= Boris Tolpygo =

Boris Vyacheslavovich Tolpygo (Борис Вячеславович Толпыго, 5 January 1893, Bogorodsk, Moscow Governorate, Russian Empire — 29 March 1939, Nikolayevsk-on-Amur) was a Russian and Soviet Communist politician, who served as the Executive Secretary of the Tajik Provincial Committee Communist Party of the Tajik Autonomous Soviet Socialist Republic in 1925-1927 and the chairman of the executive committee of Soviet of Lower Amur Oblast in 1936-1938. Tolpygo was executed in 1939 during the Great Purge.

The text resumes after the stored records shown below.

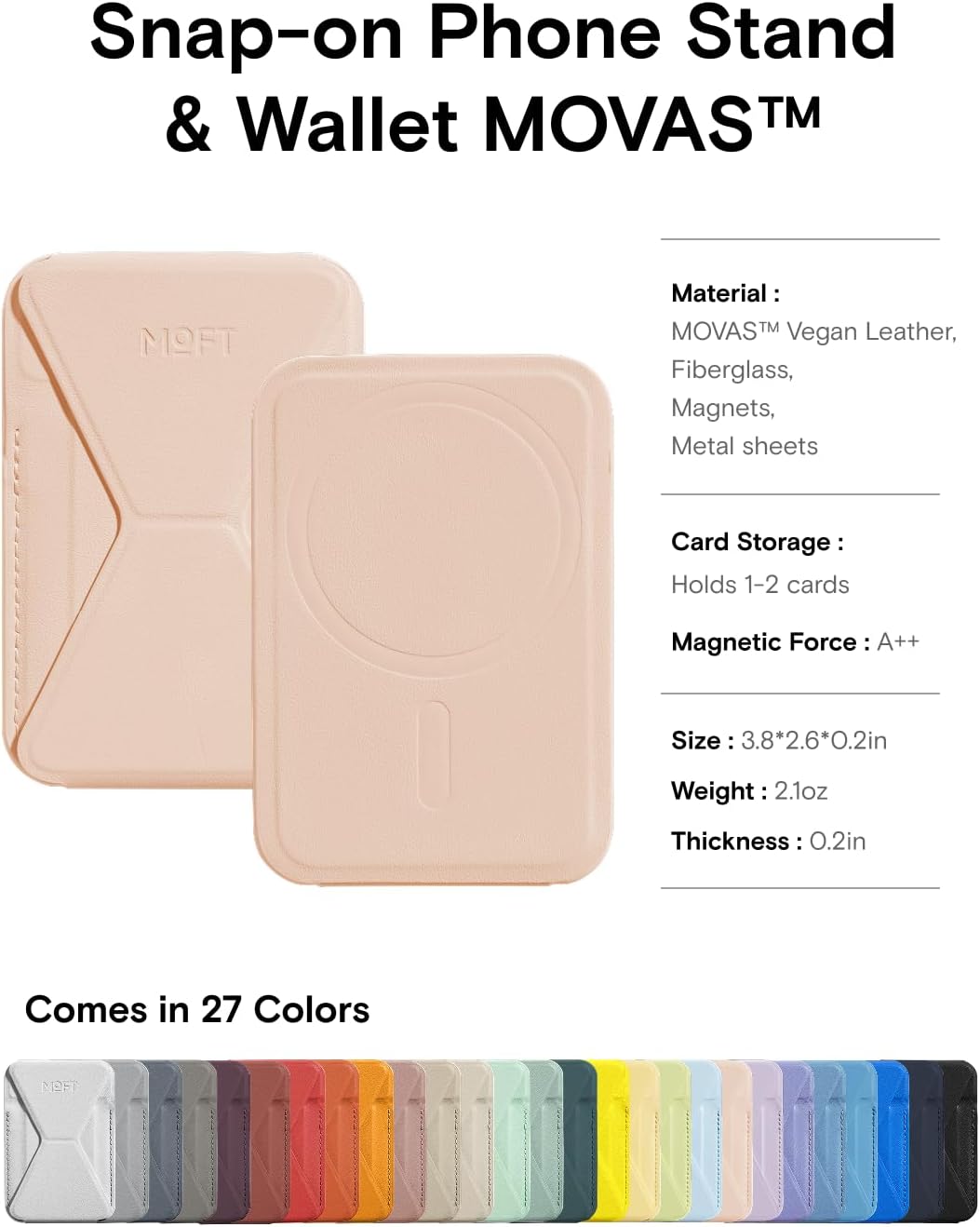 MOFT Magnetic Wallet Stand Compatible with iPhone 16/15/14/13/12 Series, Angle Adjustment & Magsafe Compatible MOVAS Phone Stand, Peach pink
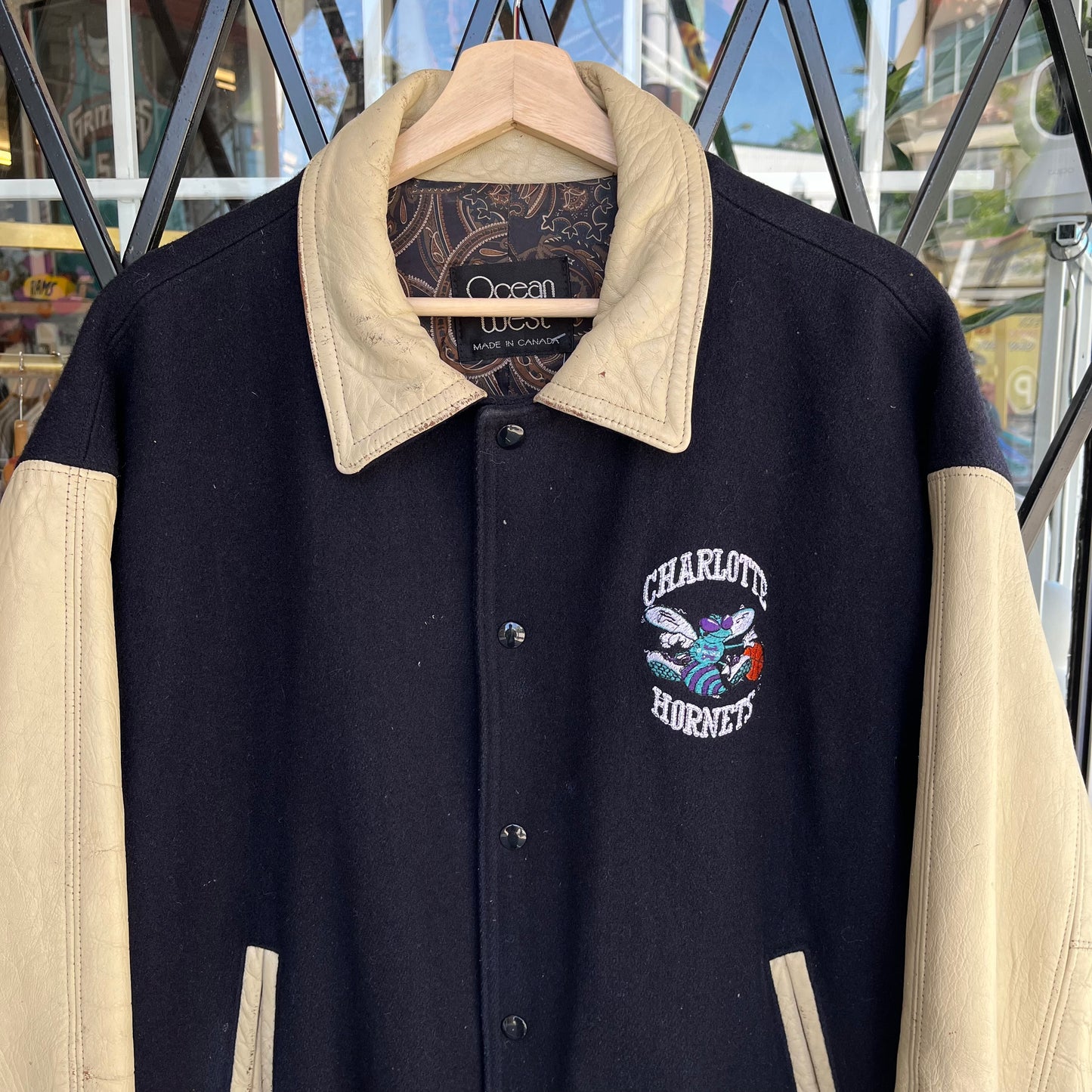 Vintage Charlotte Hornets Letterman Jacket - Size XL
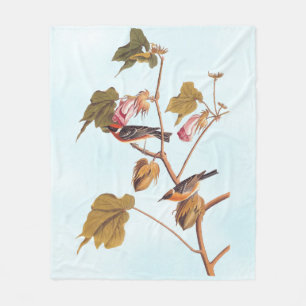 Audubon Bay-Breasted Warbler Bird on Cotton Plant Fleece Blanket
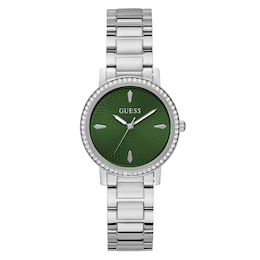 Guess Ladies' Green Dial Stainless Steel Bracelet Watch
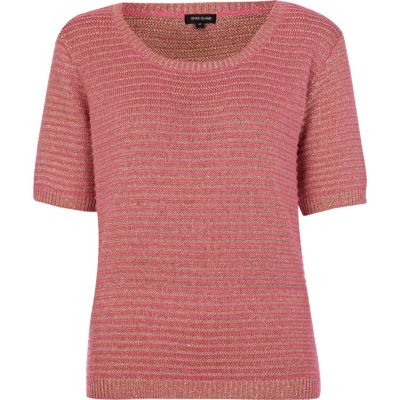 Pink metallic knitted t-shirt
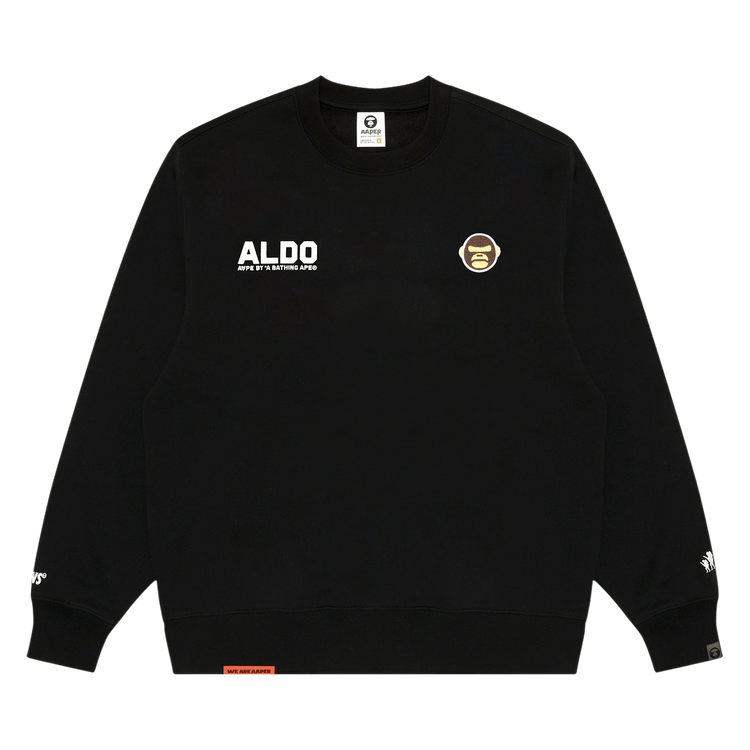 AAPE r Moonface Logo Crew Neck Sweatshirt 'Black'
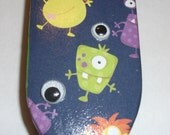 Little Monster Boar Bristle Hairbrush with Eyeballs-- Hand Painted and Papered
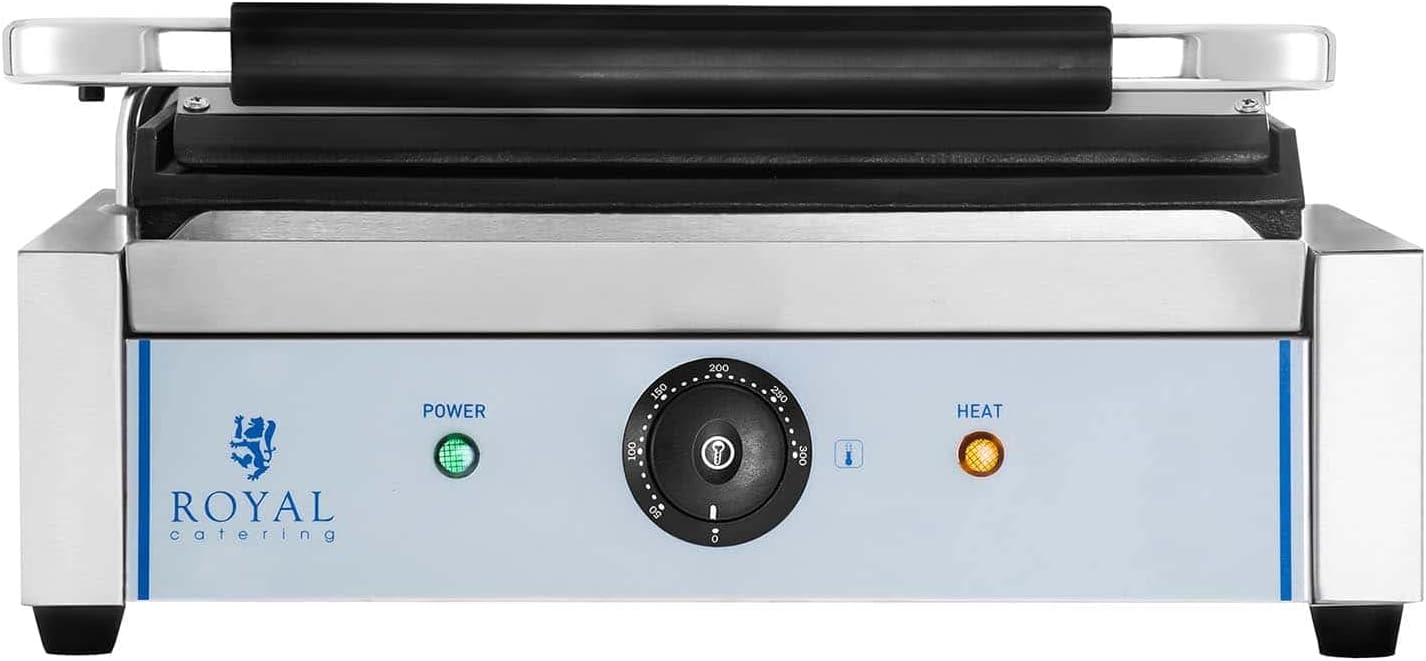 Royal Catering Gastro-Kontaktgrill 2200 W 300 °C 34,8 x 23 cm emailliertes Gusseisen + Edelstahl Elektrogrill kommerzieller Panini-Grill Sandwich-Pressgrill Multigrill
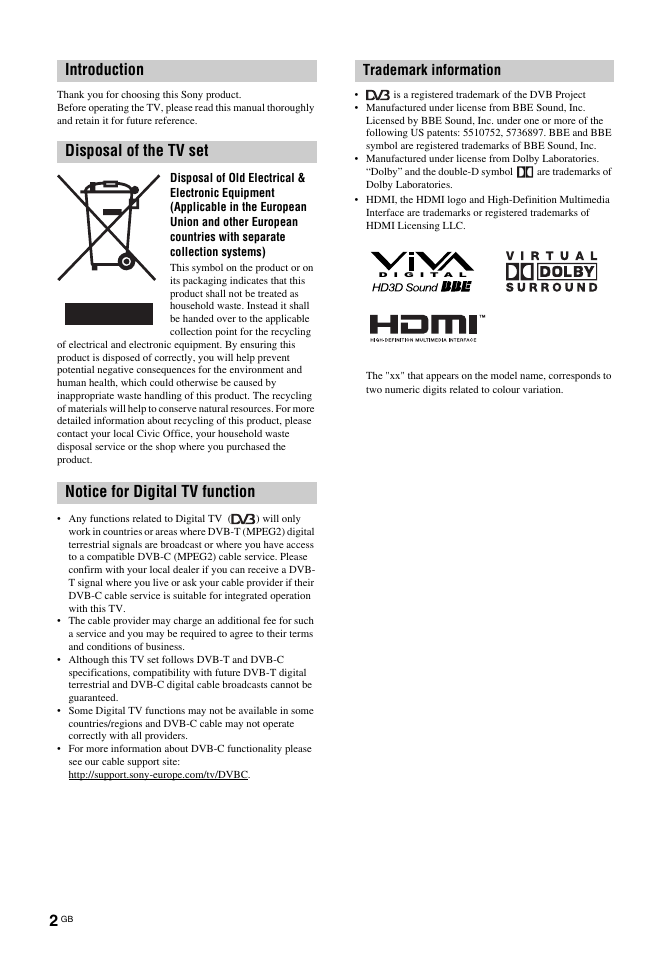 Trademark information | Sony BRAVIA KDL-26T30 User Manual | Page 2 / 204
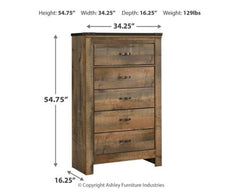 Trinell King/California King Panel Headboard with Dresser, Chest and Nightsand - furniture place usa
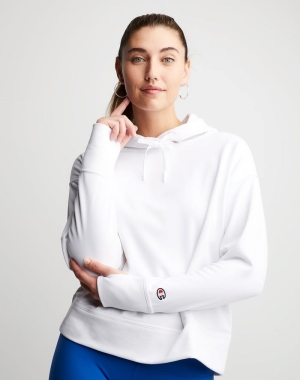 Champion Game Day Eco Iridescent Foil C Kadın Kapüşonlu Sweatshirt Beyaz | XL2694815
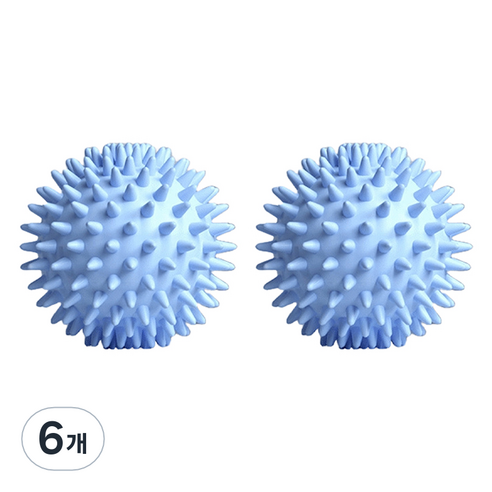 고민고밍 허리 등 근육 발 마사지 볼 6cm, 6개, 블루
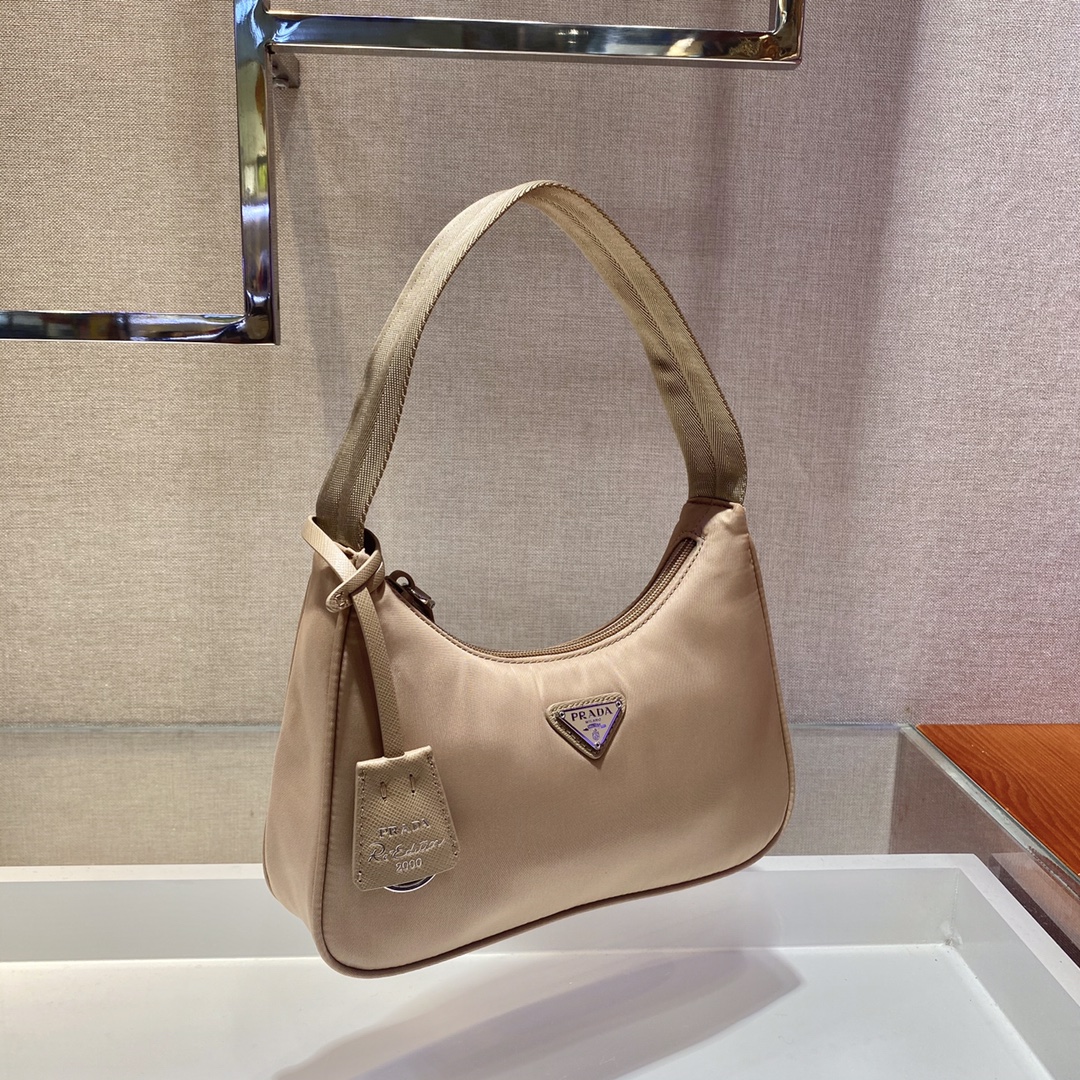 Prada Mini Re Nylon Re Edition 2000 Hobo Bag Handbag Desert Beige 1NE515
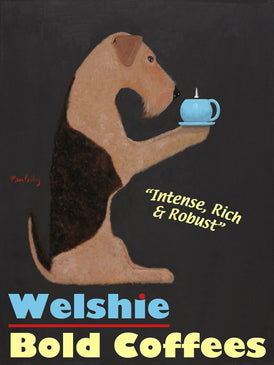 CUSTOM WELSHIE BOLD COFFEES -- Retro Vintage Advertising Art featuring a Welsh Terrier by Ken Bailey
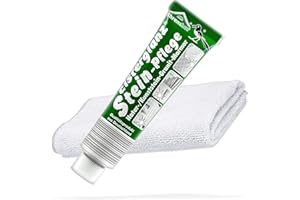 detailmate Politur Bundle mit 150ml XXL Tube | Elsterglanz Steinpflege Polierpaste + detailmate Premium Microfasertuch | Reinigt, poliert und konserviert Marmor Granit, Natur-/Kunststein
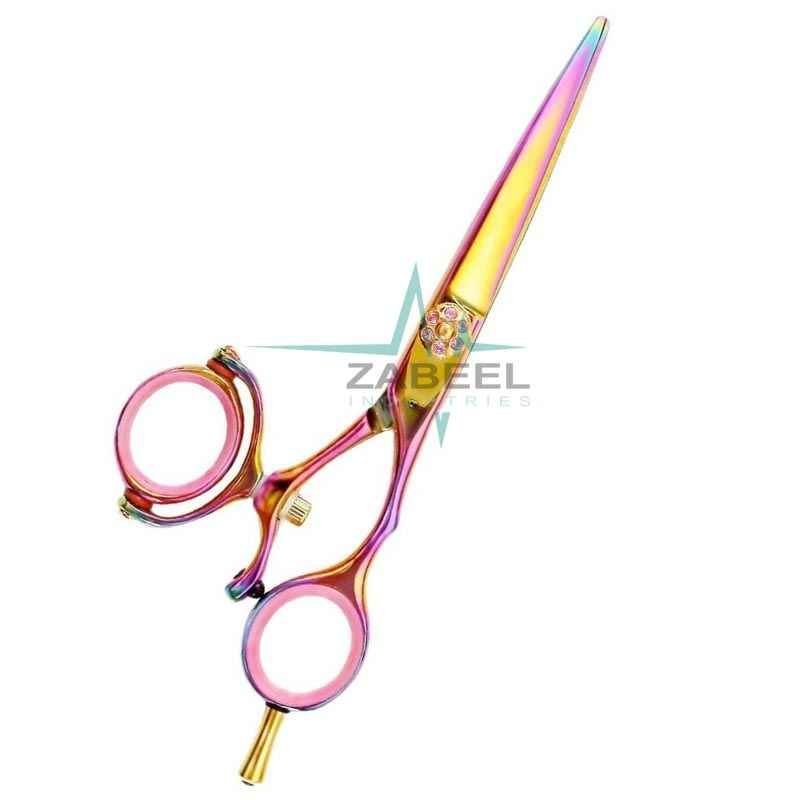 Professional Plus Swivel Rainbow Hairdressing Cutting Swivel Scissors ZaBeel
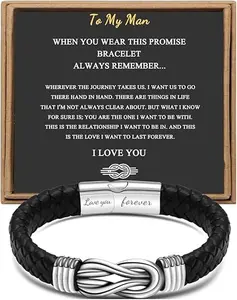 Gift for Men Black Braided Leather Infinity Bracelet for Men Dad Husband Boyfriend Son Grandson Brother Nephew Uncle Forever Linked Together Stainless Steel Engraved with Love You Forever Jewelry 7.5|8.5|9 Inches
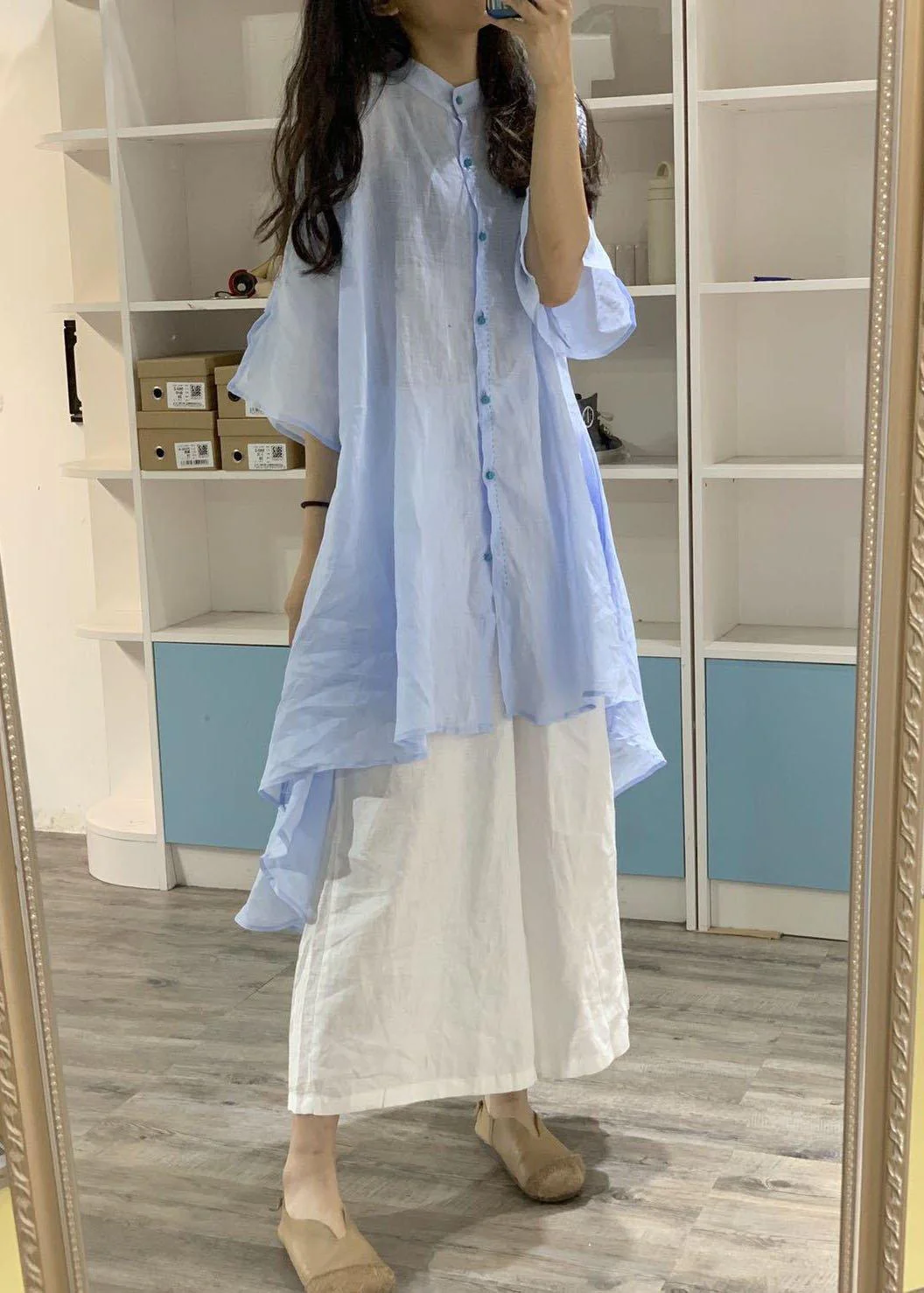 Unique low high design linen shirt dress Catwalk blue Dresses - Image 2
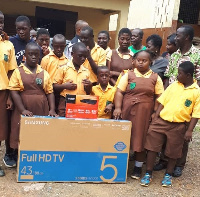 The North American group donated TV set and DVD player to the Special School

Tolpygo was born in Bogorodsk, currently Moscow Oblast, Russia. Since 1913, he served in the army. In March 1918, he joined the Russian Bolshevik Party and the Red Army. He participated in the Russian Civil War as a military commander in the Red Army, acting around Pskov and Luga and raising in ranks, by the end of the war being the commander of a division. In 1923, he was sent to Central Asia and appointed the commander of the 13th Rifle Corps of the Turkestani Front.

In 1925, he was appointed the Executive Secretary of the Tajik Provincial Committee Communist Party, which at the time was a branch of the Communist Party of Uzbekistan. Since July 1927, Tolpygo held a number of positions in Central Asia. In particular, between 1928 and 1929 he was the chairman of the Executive Committee of Tashkent Okrug of the Uzbek Soviet Socialist Republic, and between September 1930 and April 1936 he was a deputy of the chairman of the Council of People's Commissars of the Kirghiz Autonomous Socialist Soviet Republic. In May 1936, Tolpygo was appointed the chairman of the executive committee of the Soviet of Lower Amur Oblast. In May 1938, he was dismissed and arrested, and on 29 March 1939 executed by shooting.